2. The Black Curly Retriever.—In general formation, both this dog and the Red Retriever ought to be the same; but his coat is one mass of short, multitudinous, crisp curls. There ought to be no feather on the legs below the hocks, and no flag on the tail— nothing but the short, crisp, curls from the occiput to the point of the tail. The curly-coated dog is more leggy than the flat-coated. This breed is apt to be harder in the mouth, and not so easily taught.
3. The Red Retriever.—Same points as last, and the same sort of coat, only the colour is a liver-red. There is also a breed of White Curly Retrievers coming into fashion.
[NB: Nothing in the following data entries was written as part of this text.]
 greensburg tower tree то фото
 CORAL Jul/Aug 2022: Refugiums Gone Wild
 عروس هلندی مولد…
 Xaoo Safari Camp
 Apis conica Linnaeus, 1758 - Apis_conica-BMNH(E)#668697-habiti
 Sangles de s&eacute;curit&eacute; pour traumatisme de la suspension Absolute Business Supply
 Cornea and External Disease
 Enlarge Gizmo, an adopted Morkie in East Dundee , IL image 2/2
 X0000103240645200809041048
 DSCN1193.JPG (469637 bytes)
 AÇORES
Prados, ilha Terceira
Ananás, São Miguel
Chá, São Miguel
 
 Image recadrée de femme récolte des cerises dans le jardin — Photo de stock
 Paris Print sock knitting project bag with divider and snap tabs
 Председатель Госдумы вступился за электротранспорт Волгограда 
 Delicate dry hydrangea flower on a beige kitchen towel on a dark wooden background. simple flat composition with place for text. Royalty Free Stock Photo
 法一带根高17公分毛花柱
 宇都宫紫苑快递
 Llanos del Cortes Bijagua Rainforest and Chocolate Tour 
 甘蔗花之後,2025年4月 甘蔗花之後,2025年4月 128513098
The size I like in a Retriever is about 25 in. at the shoulder.
The description of the flat-coated retriever is fairly typical for texts of the time period. The only unusual part of the description of them being great fighters. This breed is predominant ancestor of the modern flat-coat and golden retrievers. Having seen a tiff between a female golden retriever and her half boxer daughter, I can say that the golden wasn’t really the best at canine combat. They are lovers, not fighters.
But the description of the curly-coated retriever is of much greater interest.
The implication that the liver curly was an entirely separate variety that was on the same “taxonomic level” as the split between flat-coats and curly-coats of the day is also of interest. This suggests that there was a move to make the liver curly a separate breed or that it originated from different water spaniel and St. John’s water dog crosses.
Or it may have been nothing more than the curly-coated retriever fanciers preferred the black dogs over any other color, and those who wanted to show the odd liver had to create their own variety.
Being raised to the variety status could have led to a breed split, as it did with the yellow flat-coat variety in the first decade of the twentieth century. That variety of yellow flat-coat is now called the golden retriever.
It would be interesting to figure out why the “red retriever” never became a distinct breed. Perhaps it may have something to do with the fashion of breeding liver curlies to black ones to reduce “dinginess” in the coats of the black dogs.
But I’m sure the most interesting discussion is of the “white” curly-coated retriever strain. My guess is that these “whites” were actually pale yellows, for the yellow coloration has popped up in virtually every breed of retriever at one point. And two breeds of retriever have only yellows– the golden and the Nova Scotia duck-toller.
The yellow color likely was a recessive that sometimes popped up in the St. John’s water dog, but with the British retrievers, another source for the yellow color could be the Tweed water spaniel or Tweed water dog.
I would love to see a depiction of a white or yellow curly. These dogs must not have been too numerous, for they have entirely disappeared from the curly-coated retriever bloodlines.